» Activity:
Lines from the one containing "Photo of 9328" through the final line of the data, restated word for word and free of pictures, make up the whole answer.

» Given data:
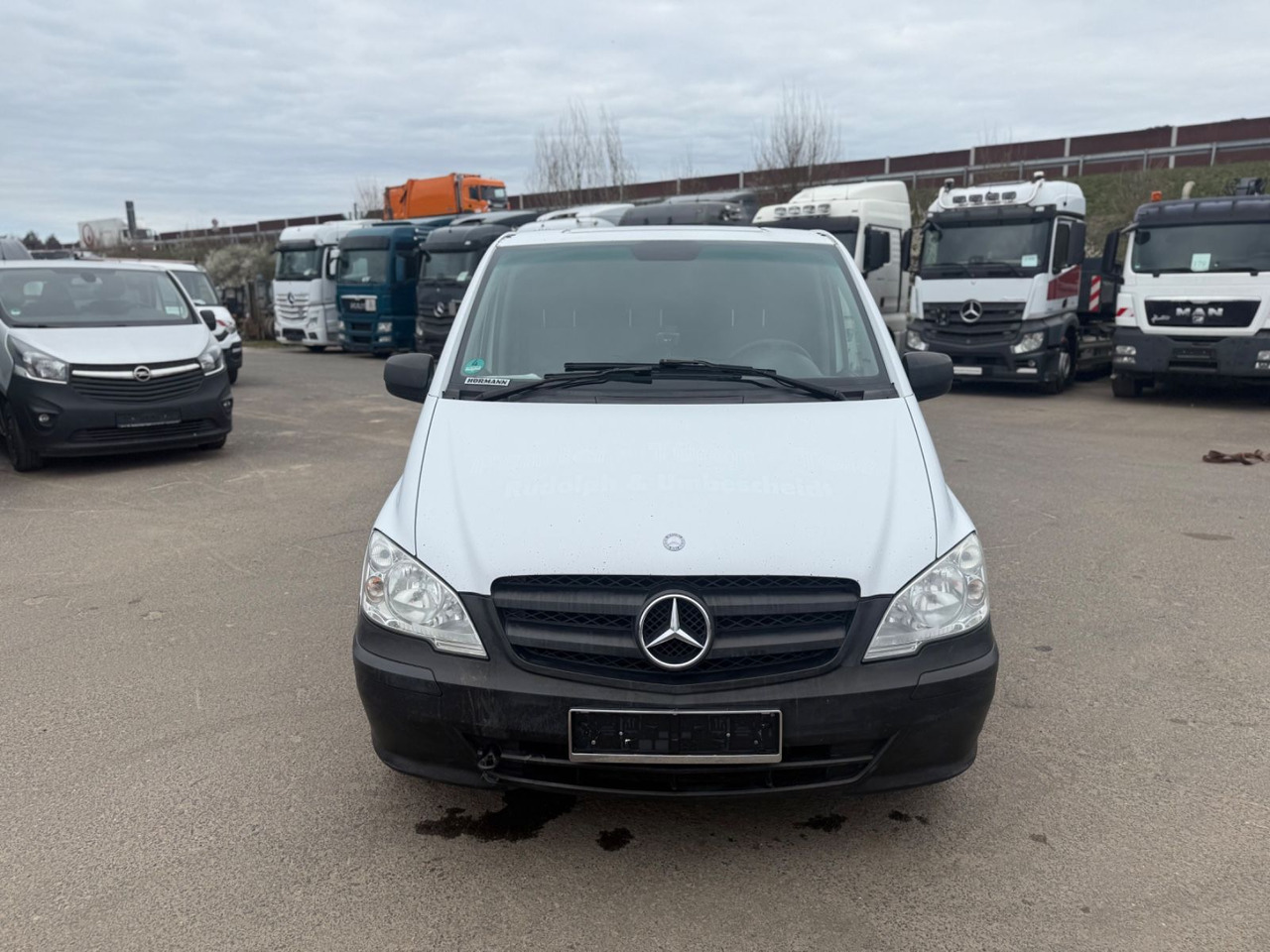 Mercedes-Benz Vito Kasten 116 CDI extralang defekt !! - Furgão de passageiros: foto 1 Mercedes-Benz Vito Kasten 116 CDI extralang defekt !! - Furgão de passageiros: foto 1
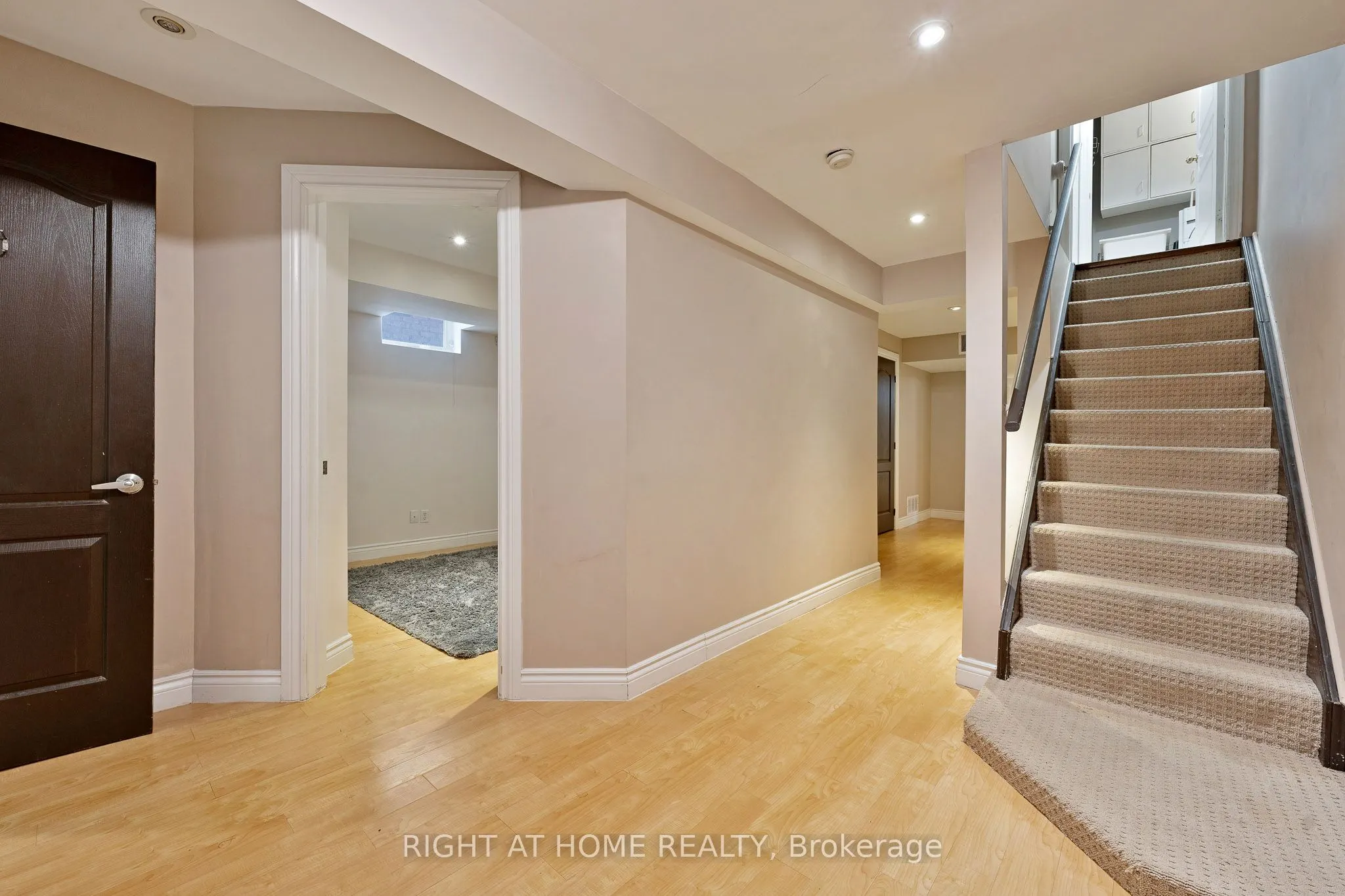 37 Newbridge Avenue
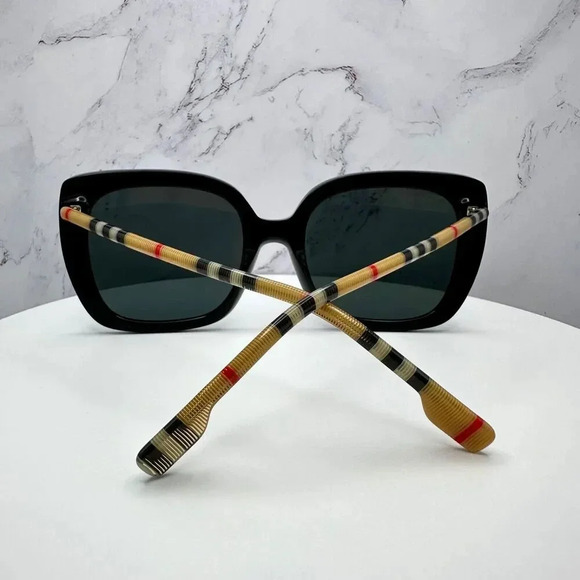 Burberry Sunglasses Black Square Cat Eye Checkered Arm Italy Authentic 54-20-140 - Picture 7 of 16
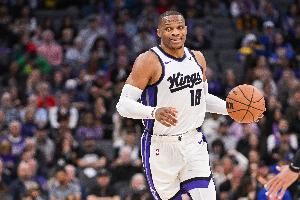  就靠我这无保障底薪顶了？威少上半场10中6得16分4板7助 三分5中3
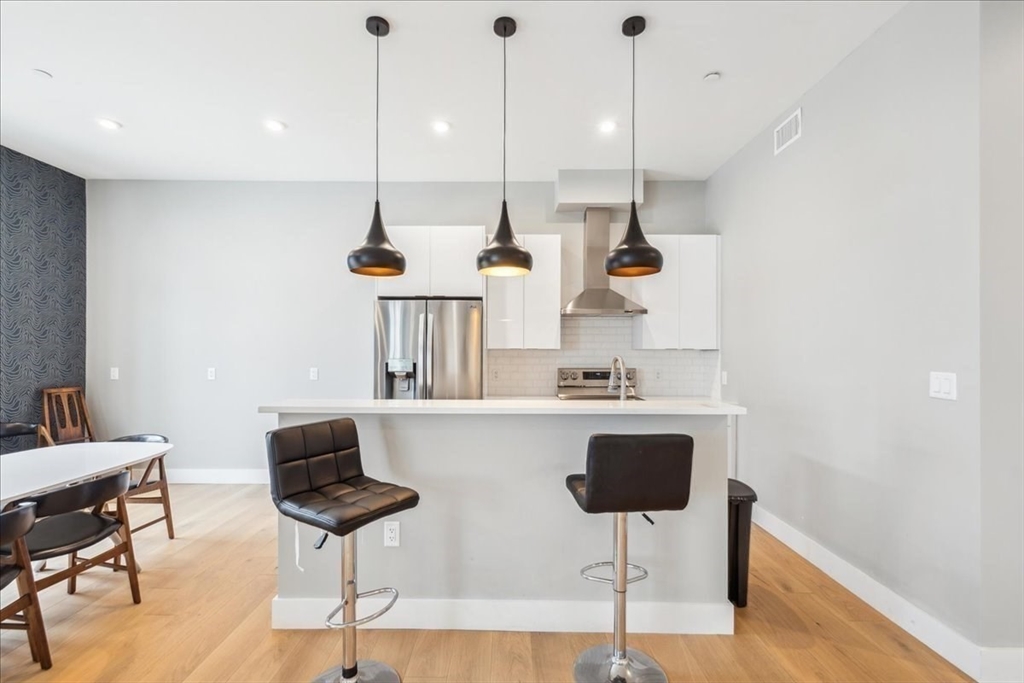 60 Cross Street E # 227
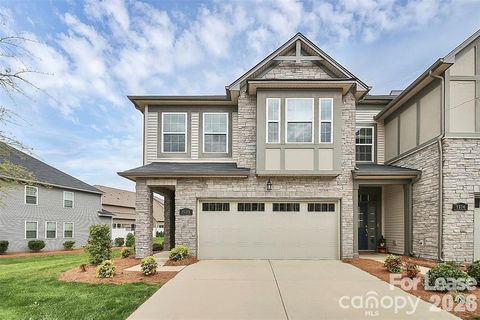 Photo of 9328 Glenburn Lane, Charlotte, NC 28278 (MLS # 4404419)
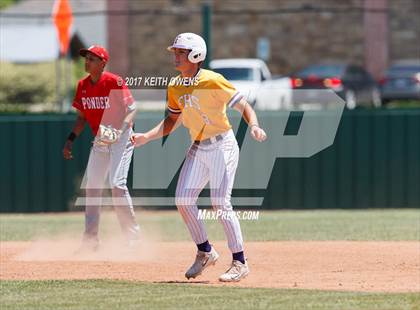 Thumbnail 1 in Farmersville @ Ponder (UIL 3A Region 2 Bi-District Playoff) photogallery.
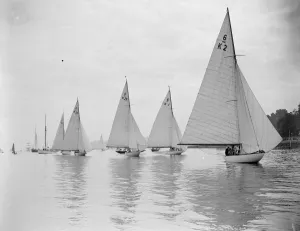Cowes Regatta The start of the race for 6 metre class yachts for Sir John Wards Cup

» Solution below:
 Photo of 9328 Glenburn Lane, Charlotte, NC 28278 (MLS # 4404419)
 Thumbnail 1 in Farmersville @ Ponder (UIL 3A Region 2 Bi-District Playoff) photogallery.
Cowes Regatta The start of the race for 6 metre class yachts for Sir John Wards Cup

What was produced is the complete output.